The BioSimulators standards are a set of formats and conventions for (a)
describing the specifications of simulation tools (e.g., supported
modeling frameworks, simulation algorithms, and modeling formats) and
(b) the syntax and semantics of the inputs and outputs of biosimulation
software tools. Collectively, the standards ensure that (a)
investigators can communicate the specifications of simulation tools,
(b) investigators can use this information to find simulation tools that
have specific capabilities, (c) investigators can consistently use the
same syntax to execute simulations with multiple simulation tools (e.g.,
same paths to the same files in the same formats), and (d) simulation
tools produce consistent outputs (reports and plots at consistent paths
in consistent formats).
The BioSimulators standards encompass multiple standards:
-
Format for describing the specifications of simulation tools: This format enables investigators to describe the modeling
frameworks, simulation algorithms, and modeling formats supported by
each simulation tool. The format also enables investigators to
describe the parameters of each algorithm, their data types, and their
default values.
-
Conventions for command-line applications and APIs for simulation
tools: These conventions ensure that (a) simulation tools support
consistent syntax for executing simulations and (b) simulation tools
produce outputs at consistent locations in consistent formats.
-
Conventions for Docker images for simulation tools: These conventions ensure that the entry points of containerized
simulation tools support consistent syntax for executing simulations
and that containerized simulation tools provide consistent metadata.
-
Conventions for simulation experiments with SED-ML: These conventions ensure that the community consistently encodes
simulation experiments into SED-ML. This includes conventions for
targets for implicit elements of models which are not directly defined
in models (e.g., reduced costs of FBA reactions, shadow prices of FBA
species). This also delineates how to encode the values of model
attribute changes and algorithm parameters into SED-ML, including
encoding enumerated values, lists, dictionaries, and other complex
data structures.
-
Format for data for reports (
sedml:report) and plots
(sedml:plot2D, sedml:plot3D) of
simulation results: This format ensures that simulation tools produce data for reports
and plots in a consistent format (e.g., HDF5) with consistent shapes
(e.g., rows: data set (sedml:dataSet), columns: time)
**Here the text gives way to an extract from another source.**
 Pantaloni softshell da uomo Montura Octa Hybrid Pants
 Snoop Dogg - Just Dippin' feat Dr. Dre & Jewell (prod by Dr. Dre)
that can be consistently visualized and interpreted.
-
Guidelines for data visualizations with Vega: Vega format
is a powerful format for describing interactive, two-dimensional data
visualizations which make visualizations re-usable by separately
capturing the visual marks of a visualization and how they should be
painted with data. These guidelines provide recommendations for how to
use Vega to visualize the results of simulation experiments captured
by SED-ML reports.
-
Guidelines for using the OMEX Metadata format to annotate
COMBINE/OMEX archives: BioSimulators recommends using the OMEX Metadata RDF-XML format
to annotate the meaning, provenance, and credibility of COMBINE/OMEX
archives and their contents. These guidelines recommend specific
predicates and objects.
-
Format for logs of the execution of COMBINE/OMEX archives: This format enables simulation tools to communicate their
progress in the execution of COMBINE/OMEX archives, such as which
tasks have been executed, which tasks are queued for execution, and
which tasks will be skipped because, for example, they require
features of SED-ML that the simulation tool does not support.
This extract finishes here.